Wir haben eine langfristige Vision. Zudem sind wir in der Lage, langfristige Investitionen zu tätigen, um um Wachstum zu unterstützen. Seit 2017 haben wir ein zehnköpfiges Team an Portfolio-Managern eingestellt, obwohl wir zu Beginn noch gar keine Assets verwalteten. Geleitet wird dieses Team von Matthias Born und Peter Kraus, die jeweils mehr als 20 Jahre an Erfahrung in diesem Bereich mitbringen.

«Ich bin immer misstrauisch gegenüber grossen Ankündigungen»

Nach fünf Jahren verwalten wir umgerechnet bereits 5 Milliarden Franken, und das Aktien-Team besteht inzwischen aus 15 Managern. Diese einzigartige Struktur, die eine auf Wachstumsaktien spezialisierte Management-Boutique mit einer seit mehr als 400 Jahren etablierten Bank kombiniert, ist einzigartig.

Was sind Ihre weiteren Pläne in der Schweiz?

Wir wollen hierzulande weiter investieren. Ich habe das Glück, seit mehr als 20 Jahren im Asset-Management-Geschäft tätig zu sein und bin überzeugt, dass eine lokale Präsenz wichtig ist.

Die Nähe zu unseren Kunden und die Qualität des Austauschs ermöglichen es uns, die lokalen Bedürfnisse bestens zu verstehen. Wir wollen uns als anerkannter Akteur in der Schweiz etablieren. Der Erfolg der ersten fünf Jahre ermutigt uns, diese Entwicklung fortzusetzen.

Welche Ziele haben Sie sich gesetzt?

Ich bin immer misstrauisch gegenüber grossen Ankündigungen. Wir sind immer noch ein Spezialgeschäft, und 2022 hat gezeigt, dass die Marktbedingungen den Geschäftsverlauf stark beeinflussen können.

Unser Ziel ist es, unsere verwalteten Vermögen schrittweise zu verdoppeln. Wenn dieses Szenario bereits 2023 eintritt, ist das gut, aber wir sind auch bereit, dieses Ziel über einen längeren Zeitraum zu verfolgen.
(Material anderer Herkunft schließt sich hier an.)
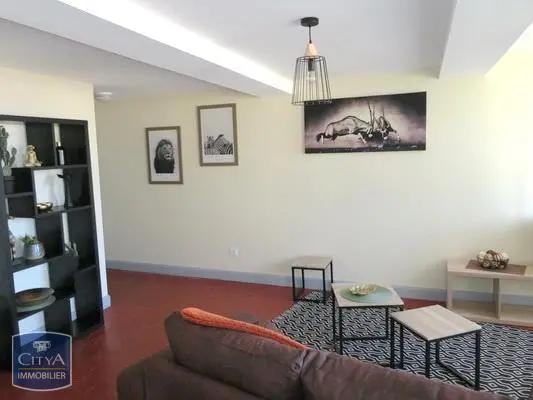 Appartement à louer 3 pièces 72.2m²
Franck Sabbah ist für die Geschäftsentwicklung im Asset Management von Berenberg in ganz Europa (ohne Deutschland) zuständig. Er leitet ein Team von sechs Vertriebsexperten, die in Genf, Paris und Zürich tätig sind. Er ist seit September 2016 bei Berenberg tätig und hat zunächst das Genfer Büro eröffnet, 2020 folgte der Standort Paris, und 2021 übernahm er die Aktivitäten in der deutschsprachigen Schweiz. Vor Berenberg war er von 2001 bis 2016 für die Edmond-de-Rothschild-Gruppe tätig.

Er hat einen Master in Finance von der EDHEC Business School in Frankreich und einen Bachelor in Wirtschaftswissenschaften von der Universität Pantheon-La Sorbonne. Die Bank Berenberg wurde 1590 gegründet und hat ihren Hauptsitz in Hamburg. Ihre Aktivitäten konzentrieren sich auf die Bereiche Asset Management, Investment Banking, Vermögensverwaltung in Deutschland und Corporate Finance. Seit der Gründung wird Berenberg von persönlich haftenden Gesellschaftern geführt.